# Algae infestation



## Lex90210 (May 10, 2011)

So I bought another 32G tank and made it heated and placed the Pleco I had in the other 32G tank. Now I just realized how much algae he ate. The 32G with the goldfish in just a week after the pleco was moved the algae has literally grown on every decoration and thick also. I clean the glass with a clothe everyday, but I want to know if it's going to harm the goldfish in any way and if so what can I do. 
If it's ok however than I'm happy, because I really do like the look of it.



*Also to be clear!*

When I was younger my dad had a 30G tank, and he had many goldfish in there, and they all got huge and lived for almost 20 years. So, when I started my aquarium I had no knowledge but that. I didn't know they needed that much space, in my head if it worked back than why would it be any different. I am doing all I can to make the cluster in the 32G happy, I put chems to neutralize the ammonia, I do half water changes once a week and I bought a power head filter. Unfortunately there isn't anything to big that I can do since I am going to school which costs 20,000$ Trust me, when I graduate I am going to buy them a pond. Now that I know a lot more about fish and all which I really do thank you guys for. I look up every detail on the next fish that I want before I buy it to make sure I have everything to make it happy. 

Thanks.


----------



## nagonokami (Oct 13, 2011)

If the tank has been properly cycled and your still getting ammonia readings, it could be several things. Inadequate filtration, goldfish are very messy fish and require large amounts of filtration or larger or more frequent water changes. Lighting, if there are no plants in the tank then lighting isn't really important, if your tank is getting any direct sunlight block it with a background or if possible move the tank. Overfeeding, uneaten food will break down into ammonia adding to the amount that would normally be produced by respiration, feces, and urea, try reducing the amount you feed or the number of feedings. Overstocking, even a few goldfish can produce toxic amounts of ammonia in a suprisingly short time, even faster in too small of a tank or inadequate filtration. 

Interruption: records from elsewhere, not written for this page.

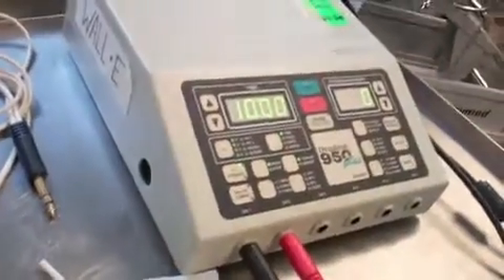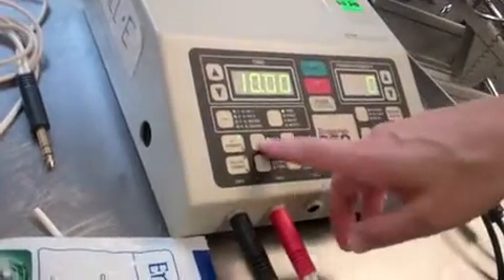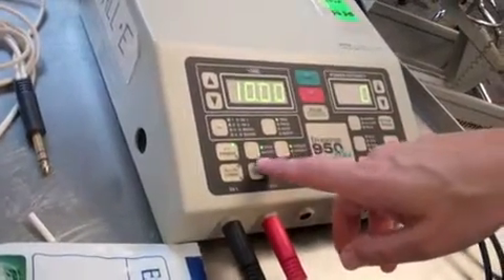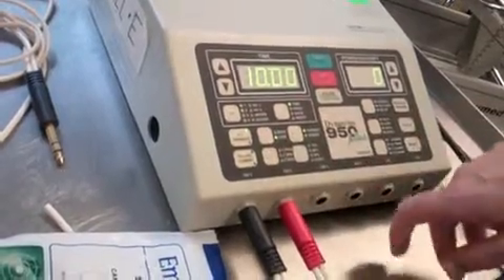On our machine, we push IFC. There's an automatic setup that comes up — we get an automatic ten minutes. This button right here tells us our frequency. It will automatically go to high, which we need a high frequency for sensory.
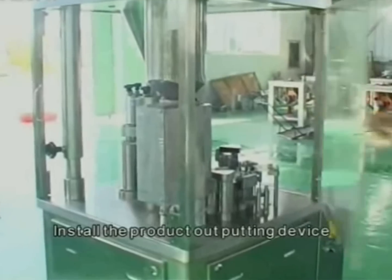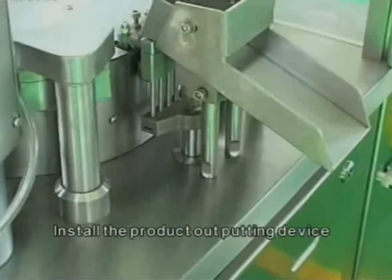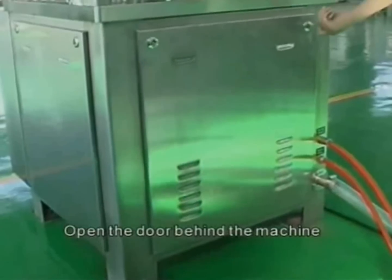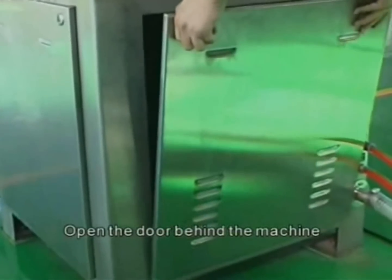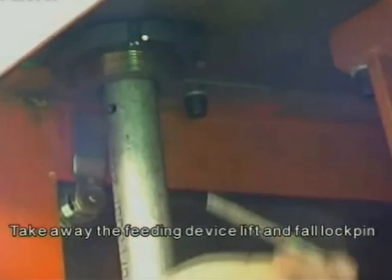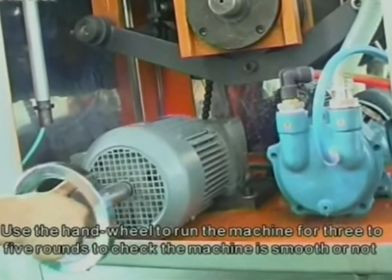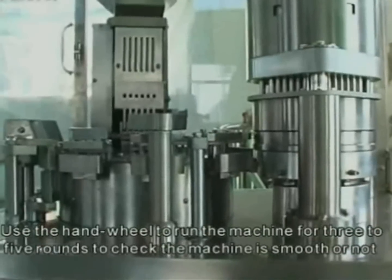Install the product outputting device. Open the door behind the machine. Take away the feeding device lift and fold lock pin. Use the hand wheel to run the machine for three to five rounds to check whether the machine runs smoothly.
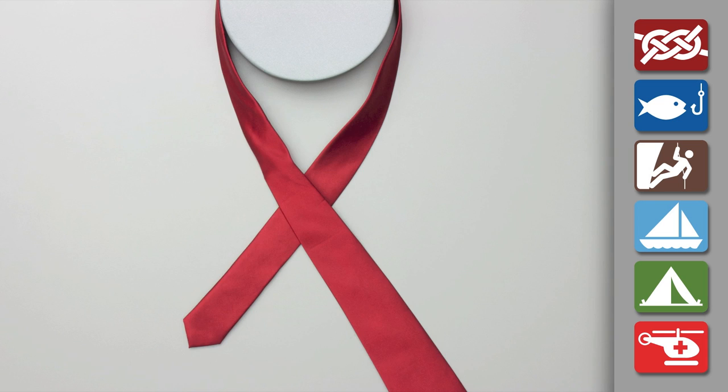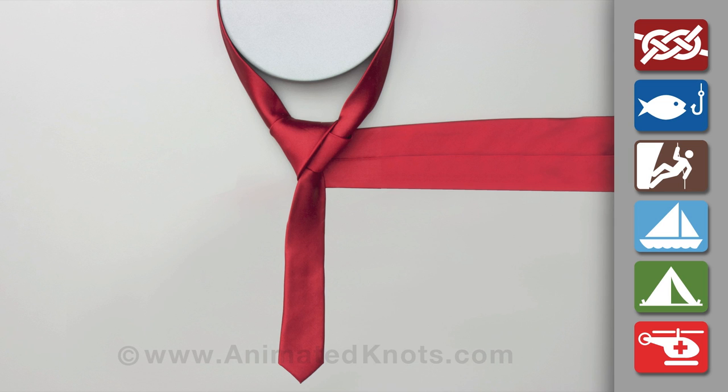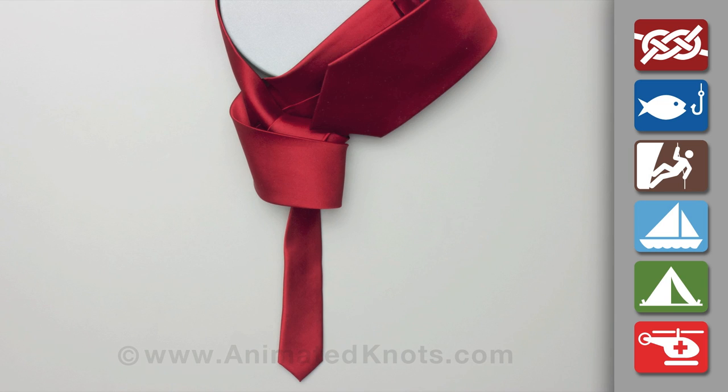Pass the long end across the short one, and then up and forward beside the neck. Make a complete turn around the knot, passing first behind and then in front. Then tuck the end up beside the neck and down under itself.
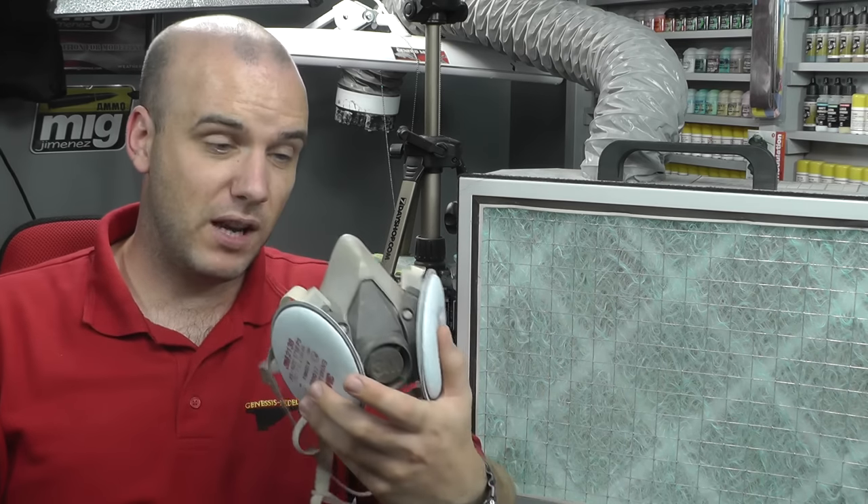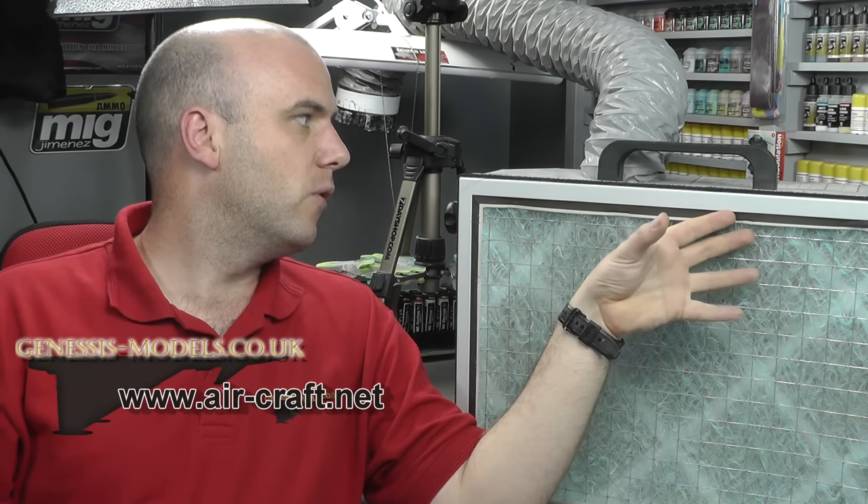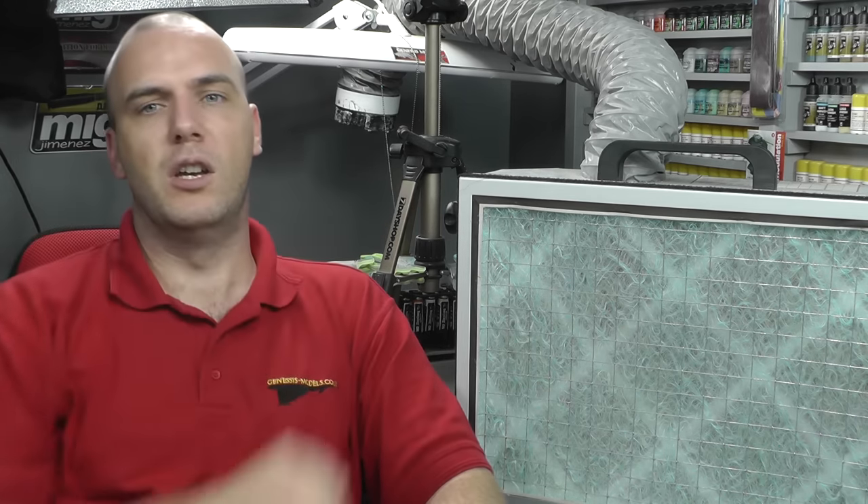Compared to the extractor fan here, which costs over 200 pounds, the respirator is quite affordable — but the extractor fan really does suck the air out of the room very well. This is from — I believe it's aircraft.net or something like that. The model number is the 300 SD. I believe they've updated it now to the BV 300 SD — they just changed the first two letters from A to BV. It's the same sort of model and price, just slightly updated: more rectangular, box-shaped with a curve at the back. They work really well.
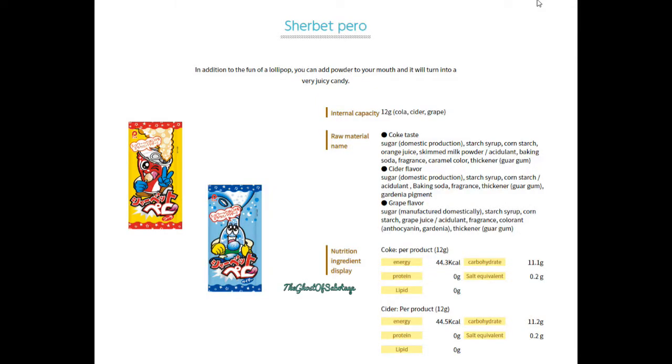I did look this up using the website on the back of the package, as you probably saw when I showed the back of the package. Apparently there are three versions of it: there's a coke one, which is in the video; there's a grape flavoured one; and there's a cider flavoured one. I would love to try the cider and the grape version — I may see about getting hold of them at some point.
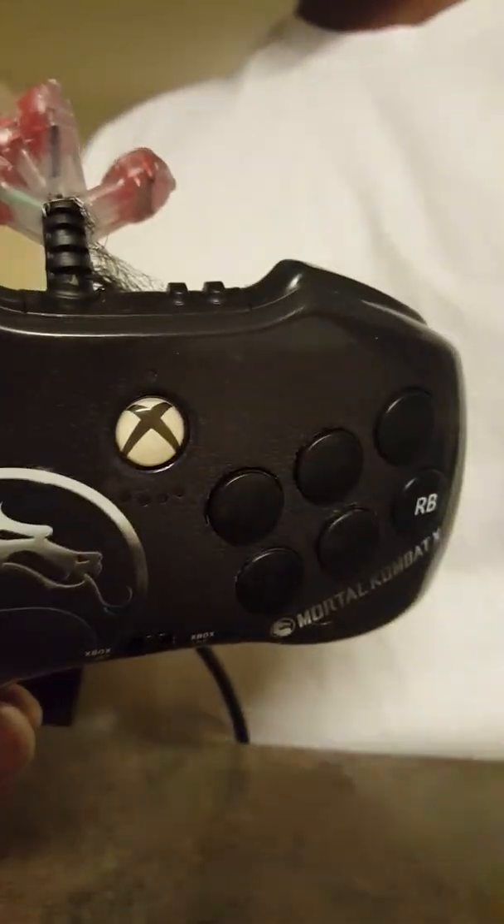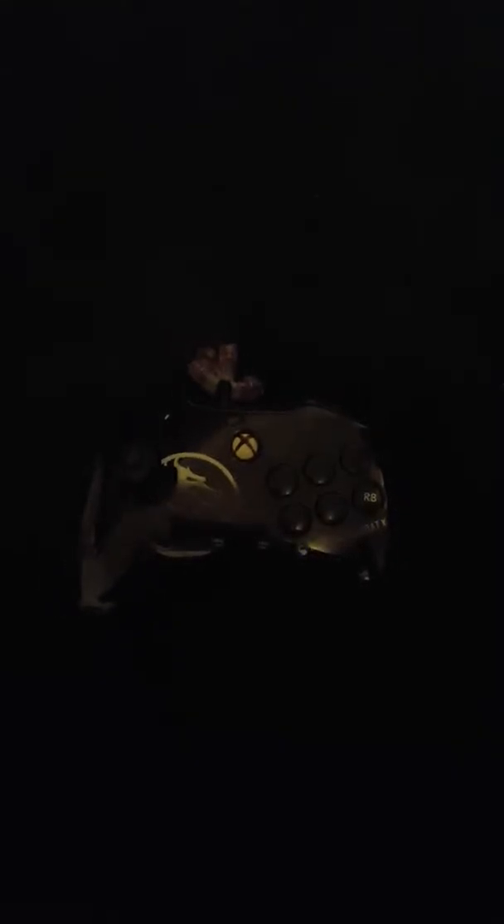Let's see what happens when you plug it up. Take this cord here, plug it up into the back of the Xbox — I'm not sure if it works on the front, we can try the side though. Just gonna hit the power button, see if the light comes on the controller. No light came on. I was hoping that it did, so I'll be back.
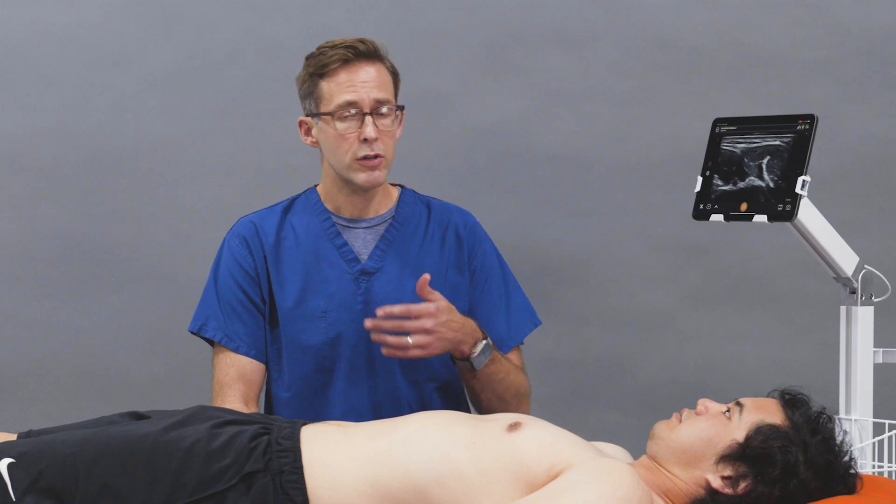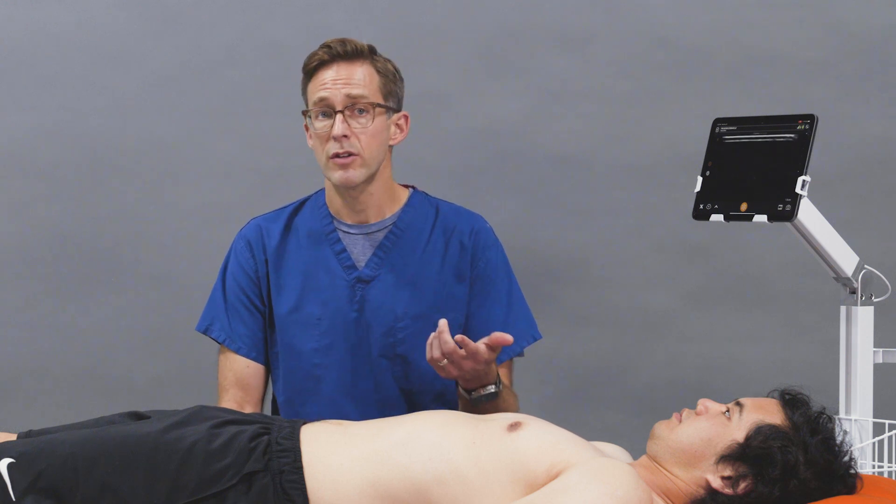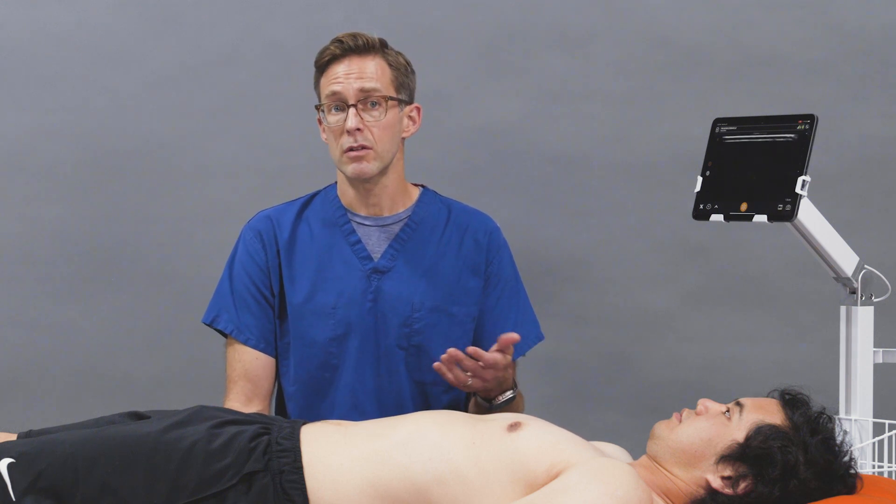You can perform ulnar nerve blocks blindly, but with ultrasound it improves your accuracy and can minimize your complications.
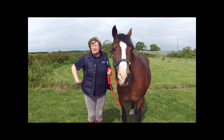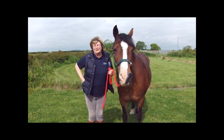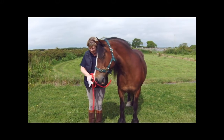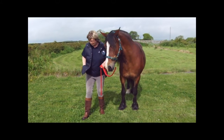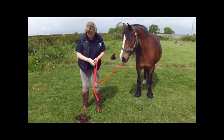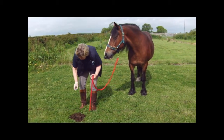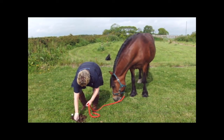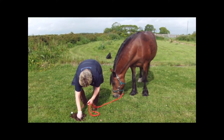First of all, we need a nice fresh pile of dung, which we've got here, and put on the glove that's been given in your pack. We'll go to the sample and take a small pinch from different parts of the dung pile, just to make sure you get the most accurate test you can.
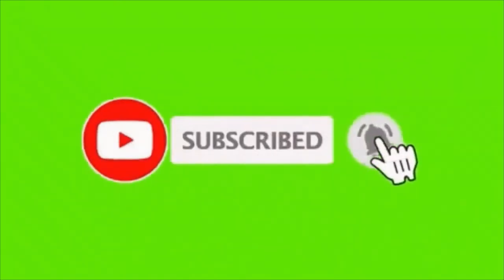Many many thanks for watching. Please remember to subscribe to my channel and to ring the little notification bell.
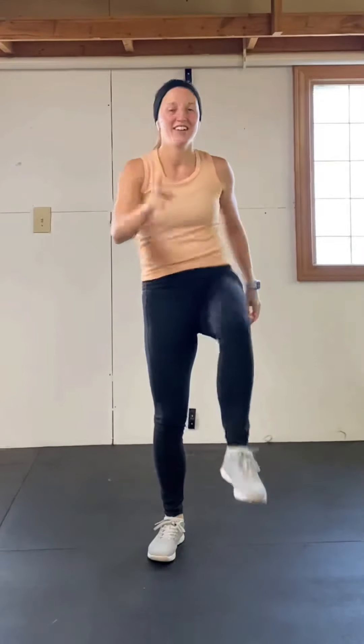We're going to transition into some high knee marches. Make sure that core is tight, your head is looking forward, and really focus on lifting that knee up as high as it can go. Use your arms if you need to for momentum.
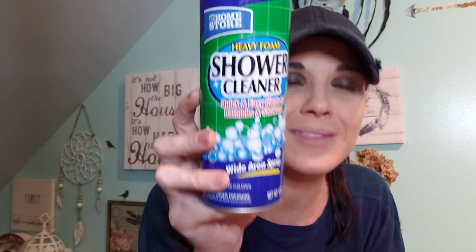This stuff is amazing. For one dollar, this is like the scrubbing bubbles — it's a shower cleaner, heavy foam, quick and easy cleanup for bathtubs and showers. Grab it, this stuff works. I have an old bathtub, and if you know old bathtubs, they stain a little bit more than newer ones. Especially if you color your hair.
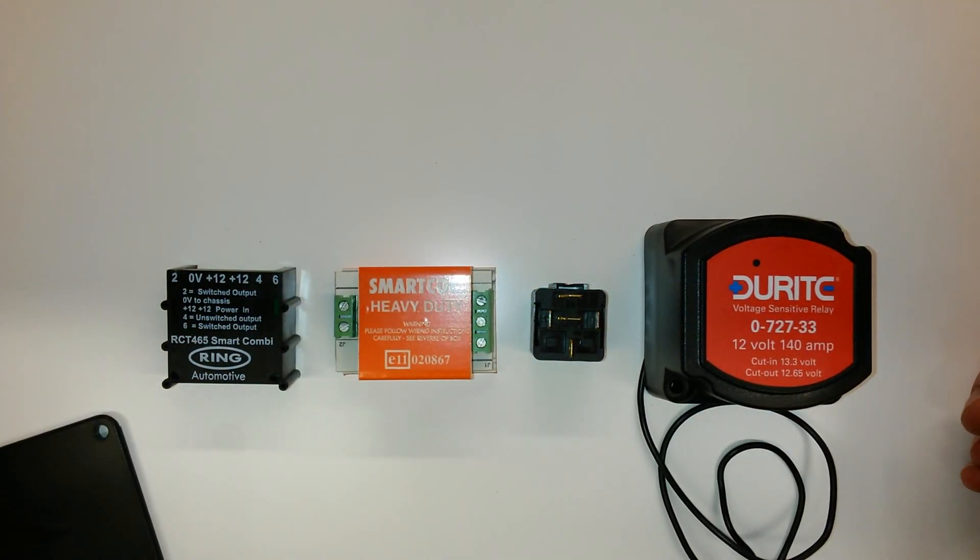But if you've got any questions or you want any wiring diagrams like that on the five pin relay, please don't hesitate to get in contact with us, and thank you very much for watching.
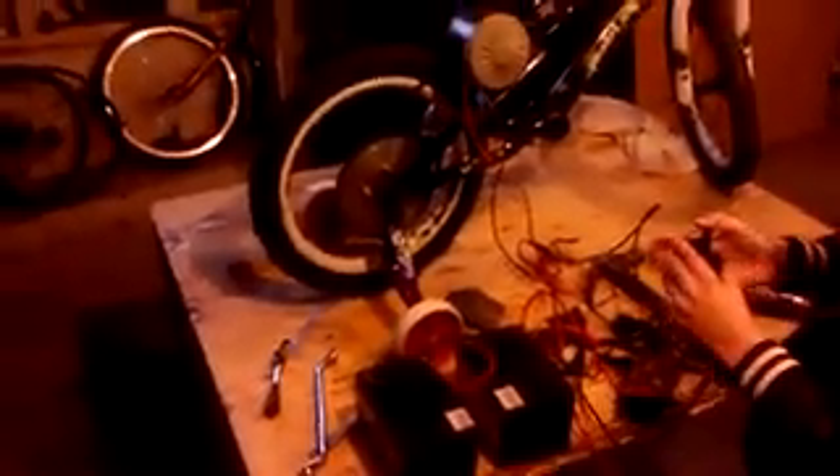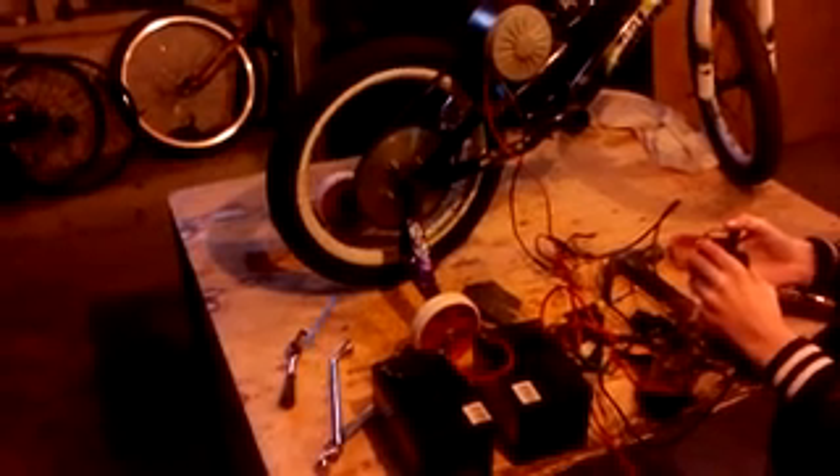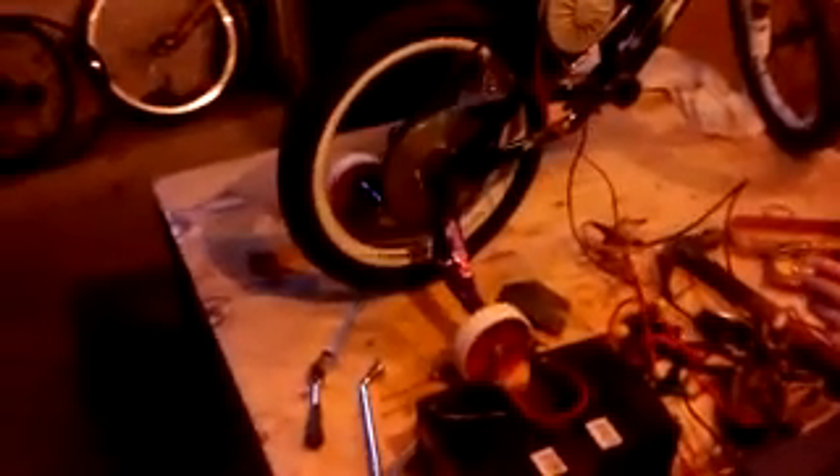All right Anthony, turn it on — and just slowly on the throttle. There we go, look — it turns all by itself! We've got trainer wheels on; they're only there to hold the bike up while we work on it. That's all they're there for.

That being said, ammonia/nitrite/nitrate are used as fuel for algae growth. Combine high levels of these chemicals with a light source and you get alot of algae. Algae is not dangerous to goldfish, in fact they will graze on certain types, but the chemicals responsible are potentially deadly. So, figure out which factor or factors are feeding the algae and you have your solution.


----------



## bmlbytes (Aug 1, 2009)

Algae wont hurt the fish. In fact it is better for them. Algae is the result of something that could hurt your fish. Stop the chemicals to neutralize ammonia, and allow the tank to properly cycle. Test the water for ammonia levels, and if they get too high, change the water, but do not add chemicals. After a while your tank should level out to little ammonia. Algae may still grow, but only because of higher nitrate levels, which will still act as a fertilizer to algae. As long as ammonia and nitrite are ok, nitrate is much less harmful and your fish should be ok.


----------



## Lex90210 (May 10, 2011)

Ok, So I am going to stop putting chems in right away. But to be clear algae does in fact not harm fish, so as long as the nitrate and ammonia levels are good I don't have to worry about intense algae growth.


----------



## mousey (Jan 18, 2005)

your ammonia levels are to be 0!! Only then can you say your tank is properly cycled. 
The only algae you have to be careful of is blue/green. It is a combination of a bacteria and algae and can produce toxins. the only time I have had it is when sunlight hits the tank. It will peel off in sheets.most other algaes attach firmly to an object. there are exceptions of course. Do a google search for algaes and see what you can learn about them.
The dark green spot algae and the hair algae aren't going to hurt your fish. it makes a good addition to the diet. 
if you can't get the ammonia down to 0 you will either have to get rid of a couple of fish, increase your tank size or cut back on food.
I had that problem recently with a bristlenose pleco in a 5 gallon quarantine tank. I would get the tank cycled but could only keep it that way if I fed him alternate days and did 50% water changes daily. 
I finally traded him to someone who had a 30 gallon tank and used the 5 for 2 baby goldfish. At present they are still very small but I keep watch over the ammonia levels. When it starts to rise I will be moving them up to a bigger tank.


----------



## Lex90210 (May 10, 2011)

I thank you for your help.
The algae looks like dark green spot on the glass, but on the decorations it's just dark green.


----------



## emc7 (Jul 23, 2005)

Algae usually only harms fish when it dies and decays. Then it is exactly like overfeeding. So if you do anything to kill the algae, get as much out as you can and do extra water changes. Chemicals that 'detoxify' ammonia are ok, they allow it to change to nitrite and then to nitrate. Chemicals that lock ammonia will help only until they are used up, then you will have an 'uncycled' tank.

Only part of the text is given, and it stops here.